Development of a Novel Large Animal Model to Evaluate Human Dental Pulp Stem Cells for Articular Cartilage Treatment

Research paper by Tiago Lazzaretti Fernandes, Kazunori Shimomura, Andre Asperti, Carla Cristina Gomes Pinheiro, Heloísa Vasconcellos Amaral Caetano, Claudia Regina G. C. M. Oliveira, Norimasa Nakamura, Arnaldo José Hernandez, Daniela Franco Bueno

Indexed on: 05 May '18Published on: 04 May '18Published in: Stem Cell Reviews and Reports


Chondral lesion is a pathology with high prevalence, reaching as much as 63% of general population and 36% among athletes. The ability of human Dental Pulp Stem Cells (DPSCs) to differentiate into chondroblasts in vitro suggests that this stem cell type may be useful for tissue bioengineering.

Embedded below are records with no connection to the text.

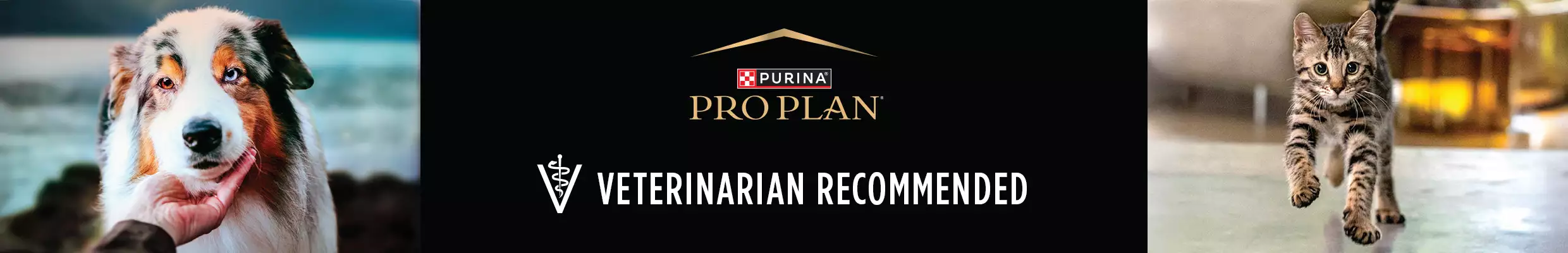 Purina pro plan logo with text 'veterinarian recommended' with a picture of a dog and cat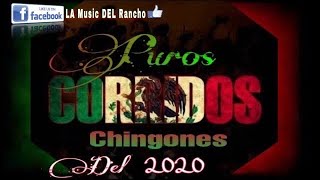 Puros Corridos Chingones🇲🇽☠️Parte 1☠️ | By DJ Tauro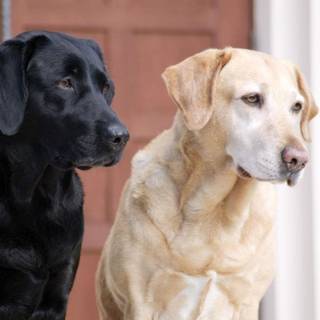 Lab dogs wallpaper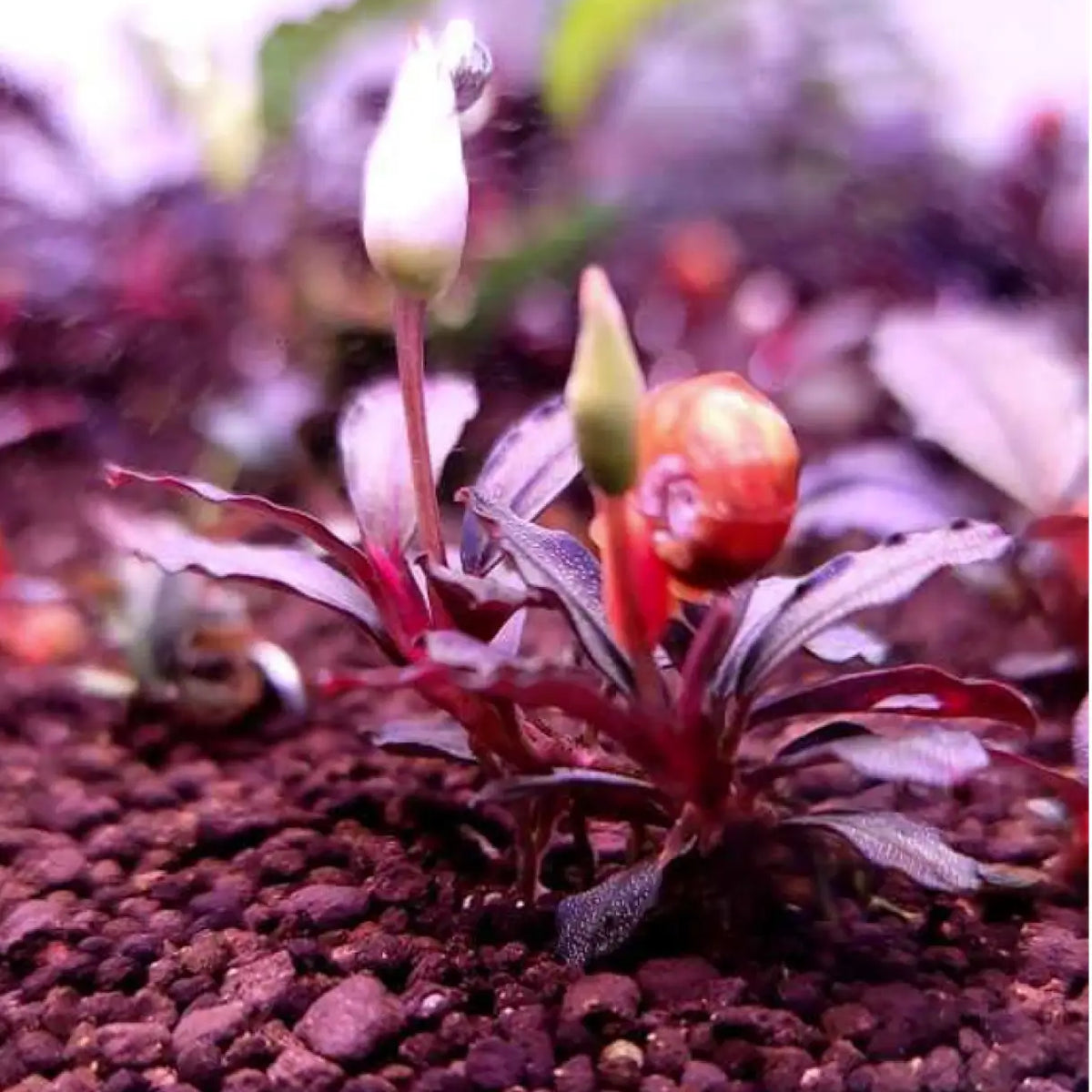 Topick Aquarium - Bucephalandra sp. 'Brownie Purple'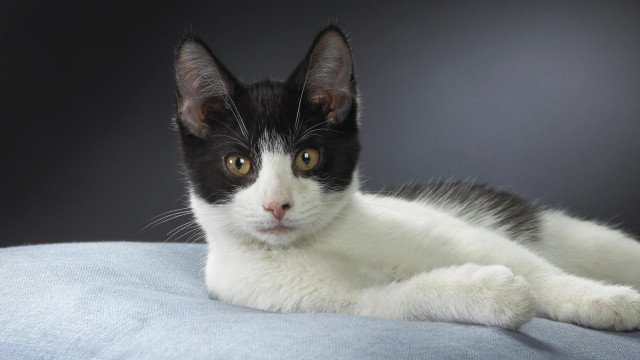 Black white cat blue pillow #3 free wallpaper for desktop - medium preview image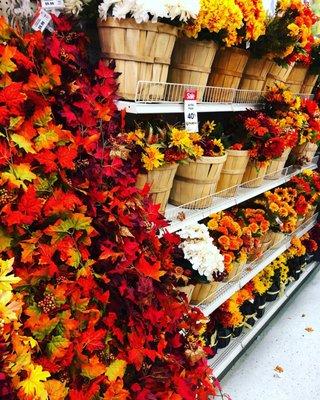 Autumn has arrived!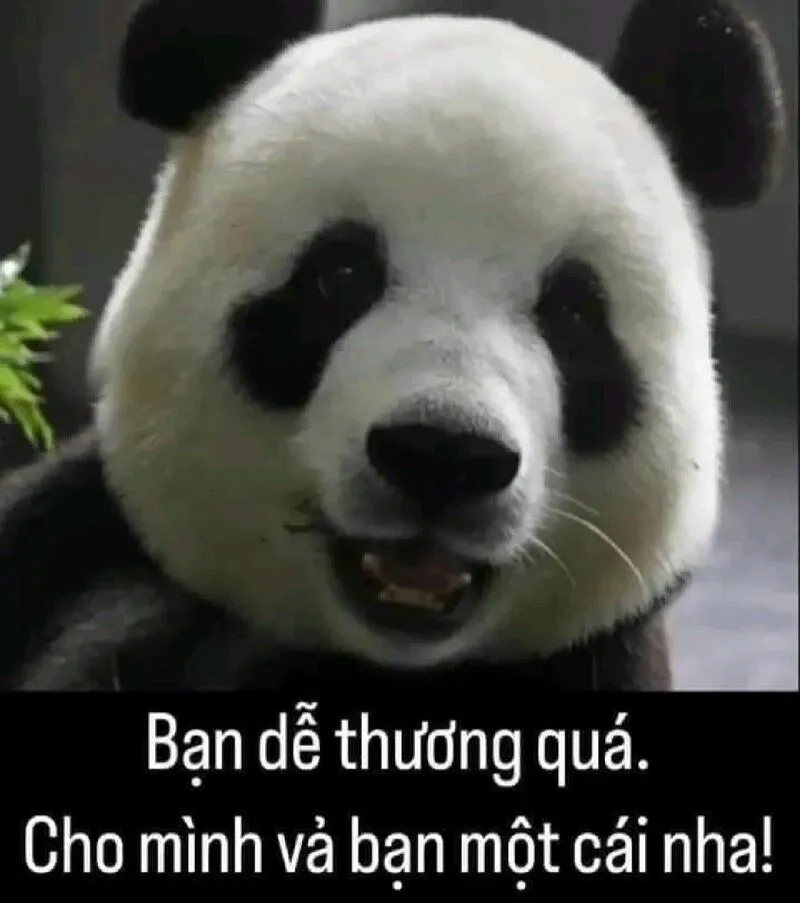 Khám phá hàng trăm hình nền meme đẹp độc lạ cực dễ tải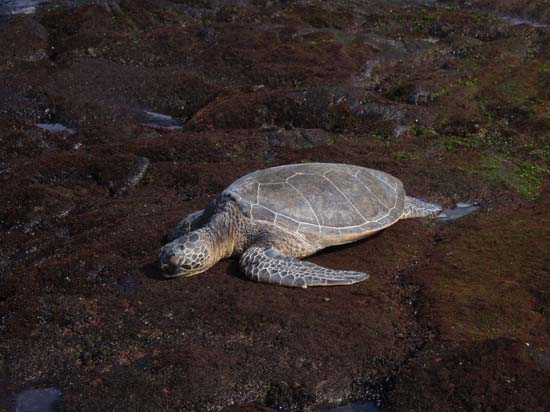 Hawaii2008-Turtles-011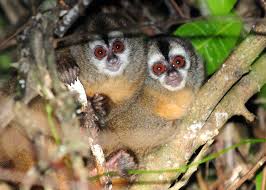 El Instituto Nacional de Salud descartó fiebre amarilla en el mono nocturno hallado muerto en Timaná, Huila.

However, we have yet to identify a study of large animal models in which DPSCs were used to repair articular cartilage. Therefore, this study aimed to describe a novel treatment for cartilage lesion with DPSCs on a large animal model.Mesenchymal stem cells (MSC) were obtained from deciduous teeth and characterized by flow cytometry. DPSCs were cultured and added to a collagen type I/III biomaterial composite scaffold. Brazilian miniature pig (BR-1) was used. A 6-mm diameter, full-thickness chondral defect was created in each posterior medial condyle. The defects were covered with scaffold alone or scaffold + DPSCs on the contralateral side. Animals were euthanized 6 weeks post-surgery. Cartilage defects were analyzed macroscopically and histology according to modified O’Driscoll scoring system.Flow cytometry confirmed characterization of DPSCs as MSCs. Macroscopic and histological findings suggested that this time period was reasonable for evaluating cartilage repair. To our knowledge, this study provides the first description of an animal model using DPSCs to study the differentiation of hyaline articular cartilage in vivo.The animals tolerated the procedure well and did not show clinical or histological rejection of the DPSCs, reinforcing the feasibility of this descriptive miniature pig model for pre-clinical studies.